Saturday, December 29, 2012

Where were you?

Fifty years.

What a mind-boggling thought. Half a century. And yet, I know where I was fifty years ago today.

I was flower-girl at my beautiful sister Rosie's wedding!

Oh, there are photos, really cool ones, but they have never been scanned onto facebook. I don't even have possession of them all, but let me tell you how it was.

Because the wedding was during Christmas week, the church was already decorated with evergreens and red and green and gold. Naturally, Rosie's colors were red and green. My grandmother made everything--all the dresses, the pillbox hats, my headband, Rosie's dress and even her headpiece and veil (a huge rose, of course, for Rose Anne). The maid of honor, her best friend, and I wore red velveteen, and the bridesmaids (my sister Janet and Auntie Marylin) wore green. I remember feeling deprived in a few areas, however. The maid of honor and bridesmaids carried white rabbit fur muffs decorated with a poinsettia instead of flowers. I think I carried a basket. (I angst-ed over not having a muff for forty-five years, till my sister Janet blessed me by giving me hers!) The other girls also wore dyed-to-match satin heels; I had to wear plain ol' black patent Mary Janes. My mother wore champagne satin, with a black velvet pillbox hat. (I was so impressed with her dress, I wanted to have one as close to it as possible, when my own daughter got married!) It was very, very exciting to be part of the wedding party!

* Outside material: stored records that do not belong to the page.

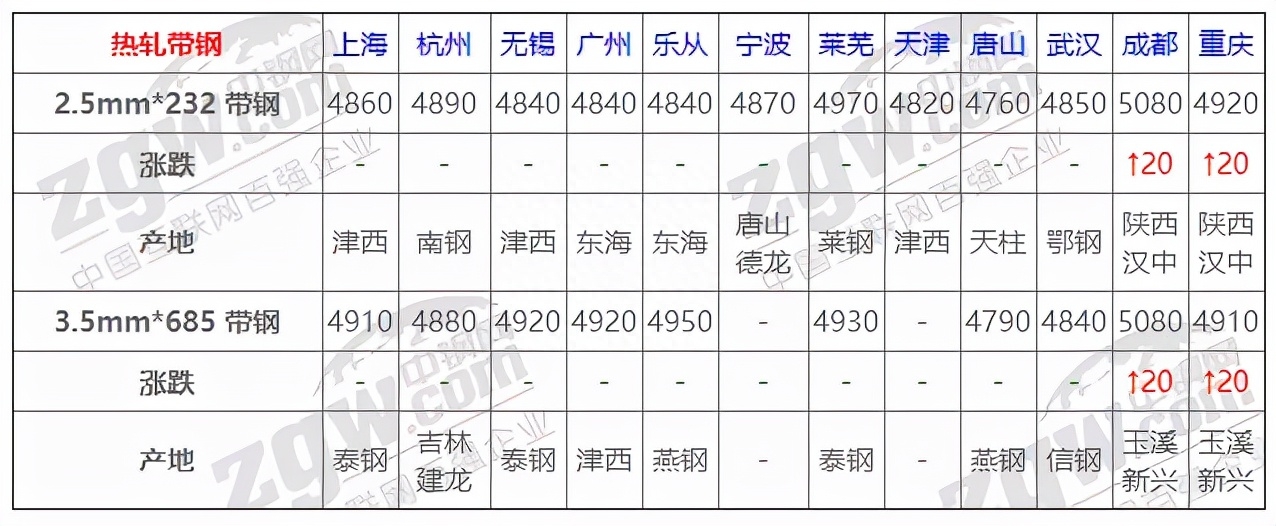 今天长治钢材价_钢材价_钢材信息价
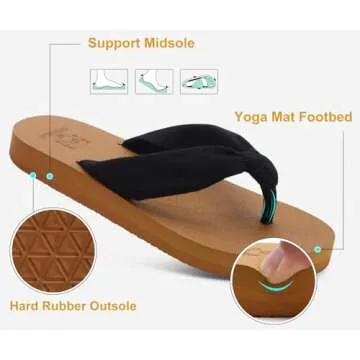 Kuailu Women’s Comfortable Sandals for Summer & Travel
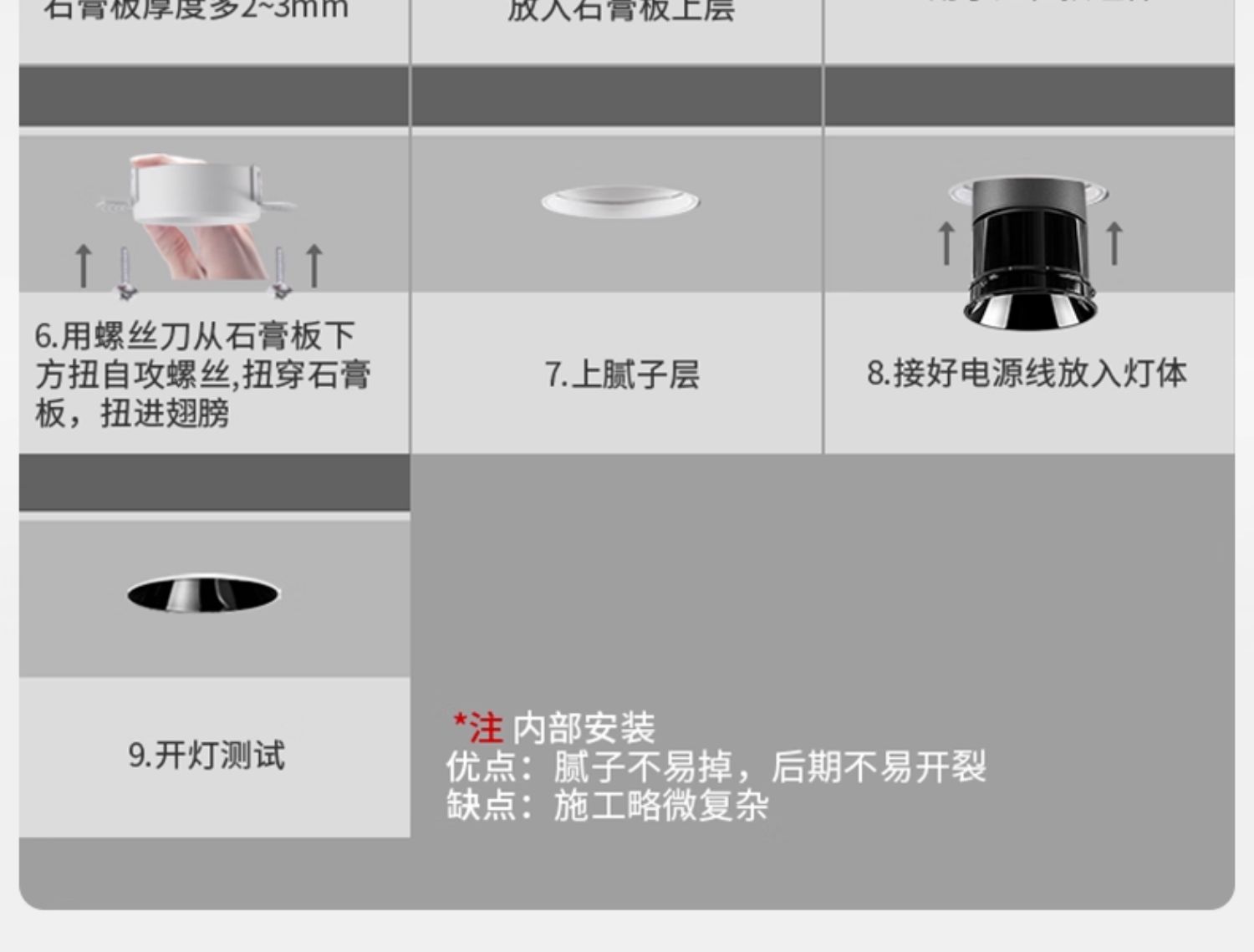 无边框射灯预埋暗装防眩无主灯智能客厅卧室家用嵌入式led天花灯 图文详情 31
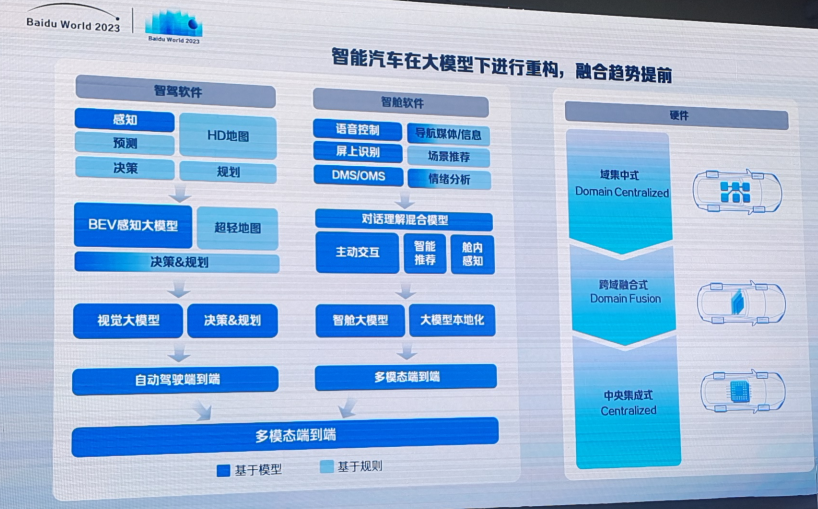 百度全面押注大模型，多款新产品即将量产落地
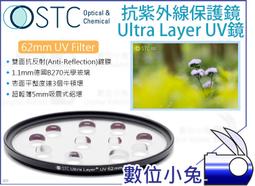 數位小兔【STC 62mm VND 可調式 減光鏡 ND2~1024】防靜電 雙奈米多層鍍膜 ND鏡 歷史價格詳細信息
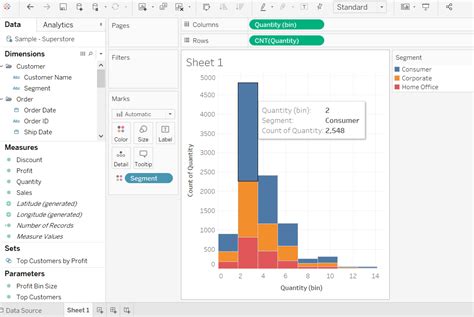 Tableau Histogram - javatpoint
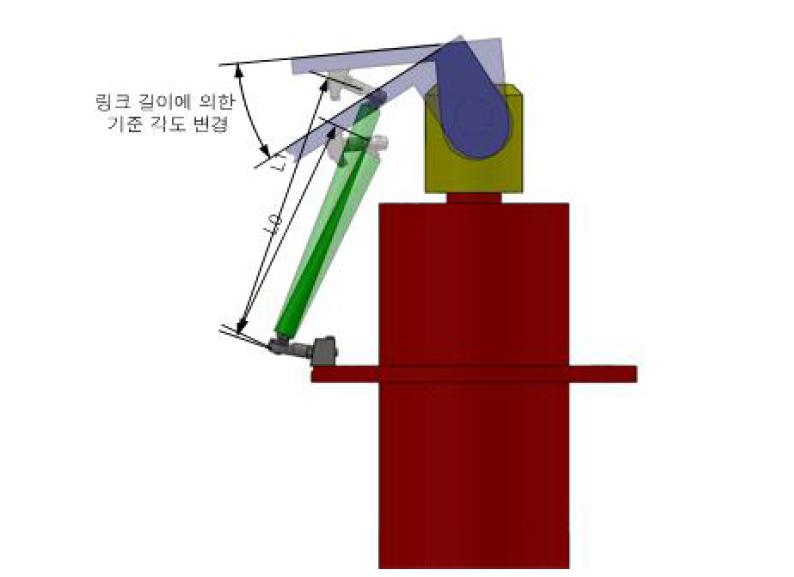 링크 길이 변경에 의한 기준 각도 변경.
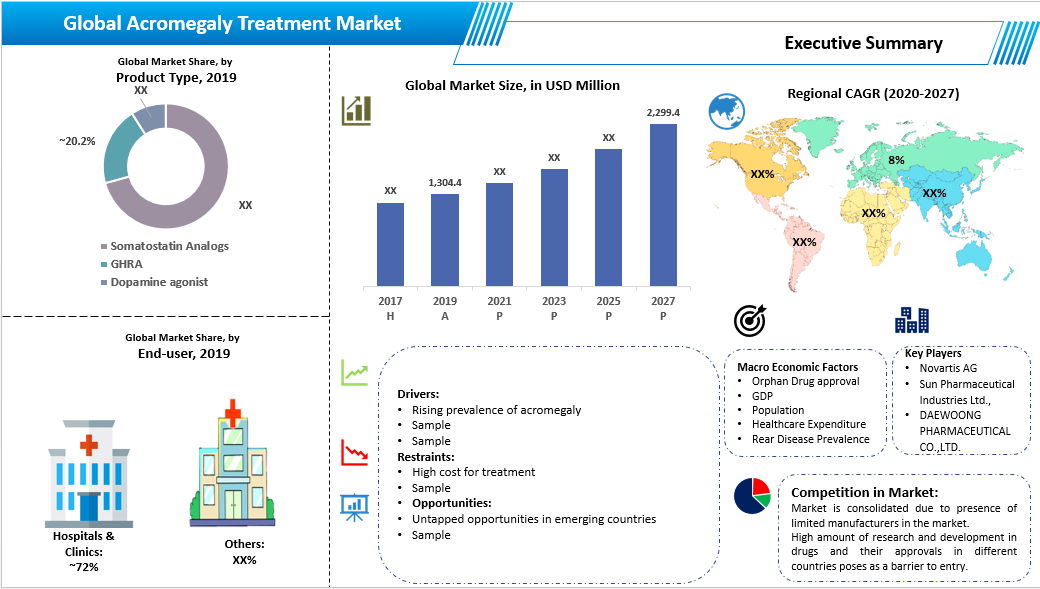 Global Acromegaly Treatment Market Detailed Trend Analysis Report 2027 by Growth Market Reports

There was a buffet supper at our house after the rehearsal, and all the grown-ups were dancing afterward to phonograph records. Daddy left early the morning of the wedding to get sweet rolls from the bakery--my first ever pecan roll....I can still taste it, I think. The reception was in the school cafeteria, or what you might call the "church hall." Potato chips were in paper bowls on the tables, and we had fountain pop--a real treat! Of course, we had cake, and husband and wife opened their gifts at the reception, a tradition that I wish had never become passe.

Unfortunately, Rosie's marriage lasted only twelve years, but produced two beautiful children. But the glamour of that day stays with me (as you can see).

I have been both mother-of the-groom and mother-of-the-bride. That last one just 'bout kilt me. I think I didn't leave the house for six weeks afterward. When I think of my  Mom that day in 1962--not only mother-of-the-bride, but with an 18-month old and a 2 1/2 year old (and four other children, as well)--now, SHE was a Super-Woman.

Rosie passed away in 2001. My mother, father, and Auntie Marylin are gone, as well. But I thank the Lord for memories, because I can remember that special day, today, fifty years later.

Monday, December 10, 2012

Old Shoes.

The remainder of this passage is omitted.